#install.packages("rvest")
#install.packages("xml2")
#install.packages("jsonlite")
library(rvest)
## Warning: package 'rvest' was built under R version 4.3.3
library(xml2)
## Warning: package 'xml2' was built under R version 4.3.3
library(jsonlite)
## Warning: package 'jsonlite' was built under R version 4.3.3
library(dplyr)
## Warning: package 'dplyr' was built under R version 4.3.3
##
## Attaching package: 'dplyr'
## The following objects are masked from 'package:stats':
##
## filter, lag
## The following objects are masked from 'package:base':
##
## intersect, setdiff, setequal, union
html
html_file_path <- "./data/books/books.html"
books_html_data <- read_html(html_file_path)
books_df_html <- html_table(books_html_data, fill = TRUE, header = TRUE)[[1]]
print(books_df_html)
## # A tibble: 3 × 6
## Title Authors Year Genre `Page Count` ISBN
## <chr> <chr> <int> <chr> <int> <chr>
## 1 The Joy of X: A Guided Tour of Math, f… Steven… 2023 Educ… 336 978-…
## 2 The Calculus Lifesaver: All the Tools … Adrian… 2023 Acad… 752 978-…
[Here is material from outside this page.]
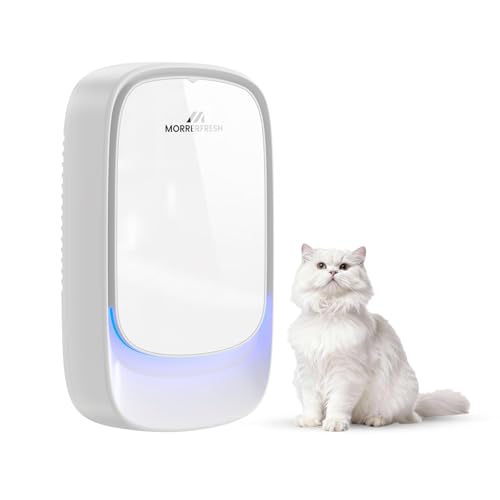 Morrerfresh Cat Litter Deodorizer – 99% Odor Eliminator for Strong Pet Odors, Plug In Negative Ion...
## 3 Sacred Mathematics: Japanese Temple Ge… Fukaga… 2023 Hist… 392 978-…
xml
xml_file_path <- "./data/books/books.xml"
books_xml_data <- read_xml(xml_file_path)
print(books_xml_data)
## {xml_document}
## <books>
## [1] <book>\n <title>The Joy of X: A Guided Tour of Math, from One to Infinit ...
## [2] <book>\n <title>The Calculus Lifesaver: All the Tools You Need to Excel ...
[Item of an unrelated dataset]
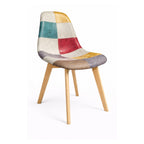 Silla Patchwork cuero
## [3] <book>\n <title>Sacred Mathematics: Japanese Temple Geometry</title>\n ...
book_nodes <- xml_find_all(books_xml_data, ".//book")
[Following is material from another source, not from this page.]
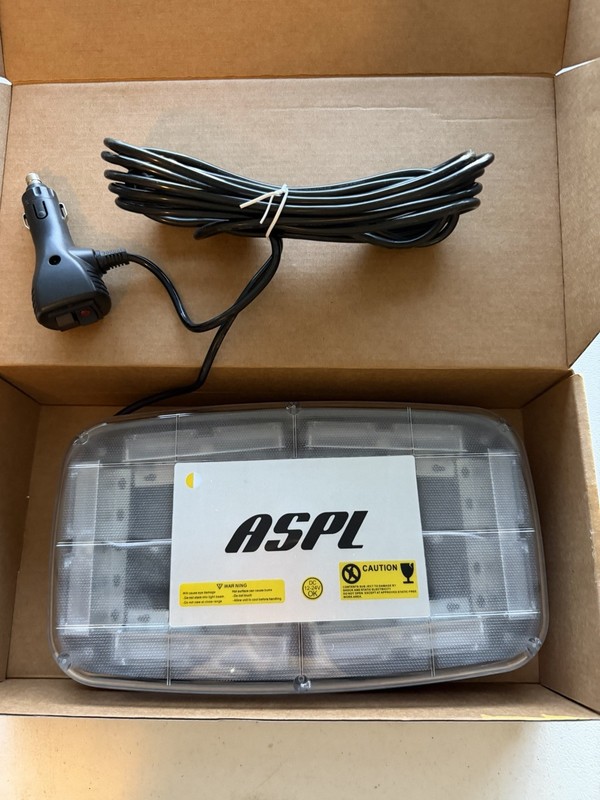 ASPL [Upgraded 5] 48LED Roof Top Strobe Lights, High Visibility Emergency Safety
books_df_xml <- data.frame(
title = character(),
authors = character(),
year = character(),
genre = character(),
pageCount = character(),
isbn = character(),
stringsAsFactors = FALSE
)
for (i in seq_along(book_nodes)) {
book_node <- book_nodes[i]
books_df_xml <- rbind(books_df_xml, data.frame(
title = xml_text(xml_find_first(book_node, "title")),
authors = xml_text(xml_find_first(book_node, "authors")),
year = xml_text(xml_find_first(book_node, "year")),
genre = xml_text(xml_find_first(book_node, "genre")),
pageCount = xml_text(xml_find_first(book_node, "pageCount")),
isbn = xml_text(xml_find_first(book_node, "isbn")),
stringsAsFactors = FALSE
))
}
print(books_df_xml)
## title
## 1 The Joy of X: A Guided Tour of Math, from One to Infinity
## 2 The Calculus Lifesaver: All the Tools You Need to Excel at Calculus
## 3 Sacred Mathematics: Japanese Temple Geometry
## authors year genre pageCount
## 1 Steven Strogatz 2023 Education 336
## 2 Adrian Banner 2023 Academic 752
## 3 Fukagawa Hidetoshi, Tony Rothman 2023 History/Mathematics 392
## isbn
## 1 978-0544105850
## 2 978-0691130880
## 3 978-0691127453
json
json_file_path <- "./data/books/books.json"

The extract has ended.